Предположение, что Сталин хотел выбить лучшую часть польской интеллектуальной элиты, представляется логичным. Но ведь именно такие люди доминировали в Грязовце. Вот несколько примеров. Из Козельска туда попал бывший декан отделения права виленского университета, депутат Сейма профессор Вацлав Комарницкий. Из Старобельска был выбран известный художник Юзеф Чапский, происходивший к тому же из аристократической семьи. В Осташкове таким избранником судьбы стал сын знаменитого композитора капитан Бронислав Млынарский.
Непонятно и поведение НКВД в подготовке этапа пленных: почему было впустую израсходовано четыре тысячи прививок? Возможно, конечно, что транспортный отдел НКВД просто не имел представления о том, куда и зачем эти этапы снаряжаются. И, видимо, существовало распоряжение, в целях избежания эпидемий, делать прививки всем этапируемым пленным.

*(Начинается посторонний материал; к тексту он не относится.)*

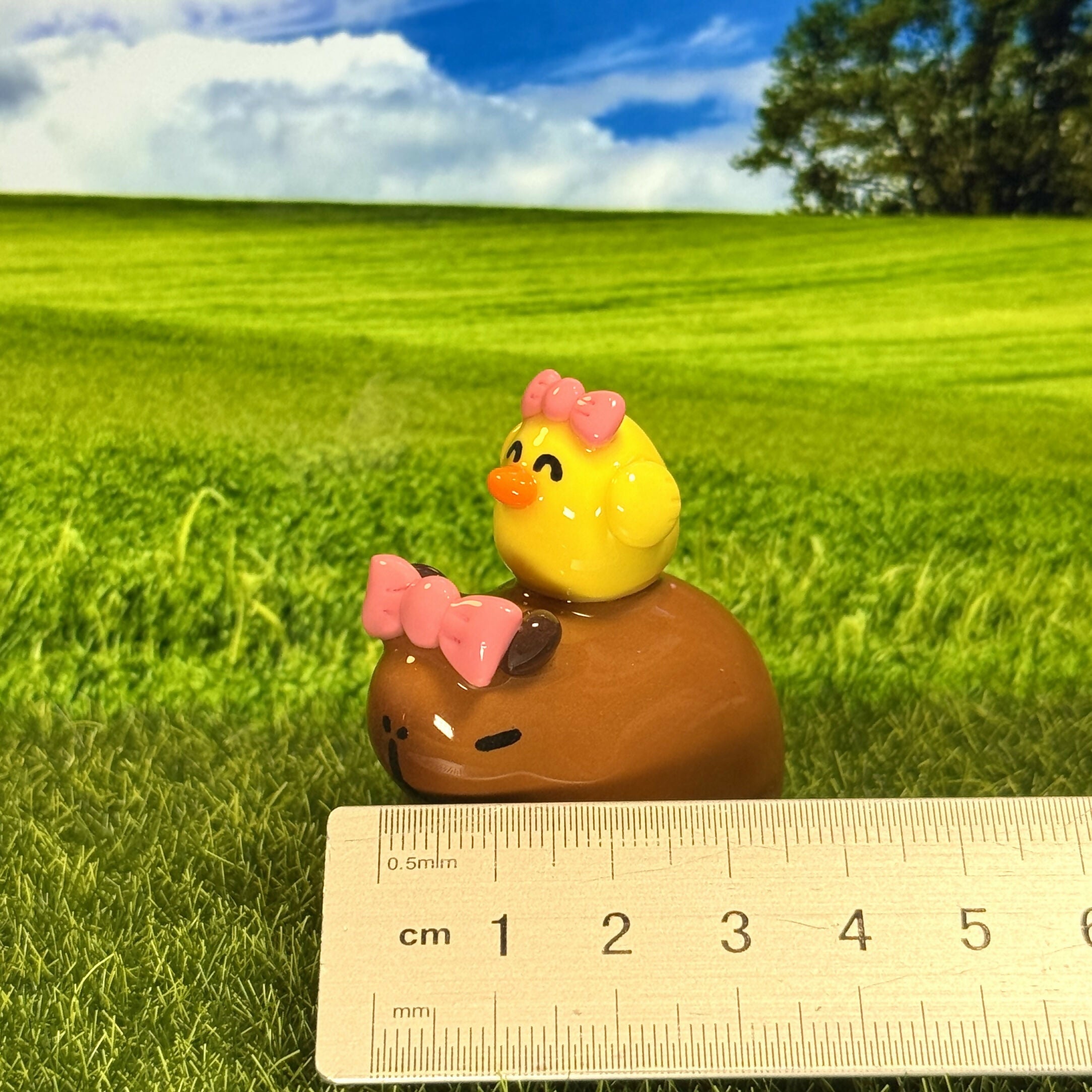 Capybara & Mini Chick Friend Figure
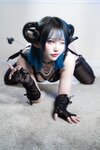 [Cosplay] 狐洛洛子 - 深蓝魅魔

Символом диалектичности Катынской трагедии было и поведение комбрига Зарубина, описанное мною в очерке, помещенном в «Катынском преступлении». Хотя я и допускаю, что не он был автором тройного решения судьбы пленных поляков: Катынь, Грязовец, Малаховка. Эта сторона трагедии также ждет своего исследователя.
Однако я хотел бы здесь подчеркнуть, что те, с кем Зарубин часто встречался и любил беседовать, все они нашли свою смерть в Катынском лесу. Так, например, случилось с профессором Вацлавом Комарницким, с которым Зарубин особенно любил встречаться. Комарницкий был мобилизован в качестве военного юриста, попал в плен, и по особому распоряжению Зарубина, несмотря на свой чин подпоручика, был переведен в полковничий барак. Примерно в это же время в лагерь прибыла большая группа польских военных юристов. Среди них был второй председатель Верховного суда Польши Похорецкий, бывший и по возрасту и по положению много старше Комарницкого. Но Зарубин им практически не заинтересовался. Похорецкий так и остался жить в общем бараке среди младших офицеров. Мне казалось, интерес комбрига к Комарницкому вызван прежде всего симпатиями последнего и его участием в блоке народных демократов, бывших, как известно, довольно про-российски настроенными. Впрочем, марксизм им был совершенно чужд. Ну и комбриг старался понять, насколько в будущей политической игре такие люди могут быть полезны Советам. Мое впечатление основывалось на рассказах самого Комарницкого, которому представлялось, что время террора уже миновало и Россия начинает постепенно принимать цивилизованный облик.
Особенно лагерные власти благоволили к полковнику Кюнстлеру, бывшему командиру артиллерии в армии Донб-Бернацкого во время сентябрьской кампании 1939 года. В последние дни боев он руководил подразделением, подорвавшим мост через Буг в районе Дорохуска, что сильно затруднило отступление немцев из Волыни на Запад. Полковник был кадровым военным, и политруки отзывались о нем, как об очень перспективном офицере. Да и сам Зарубин говорил с ним чаще и больше, чем с любым другим пленным.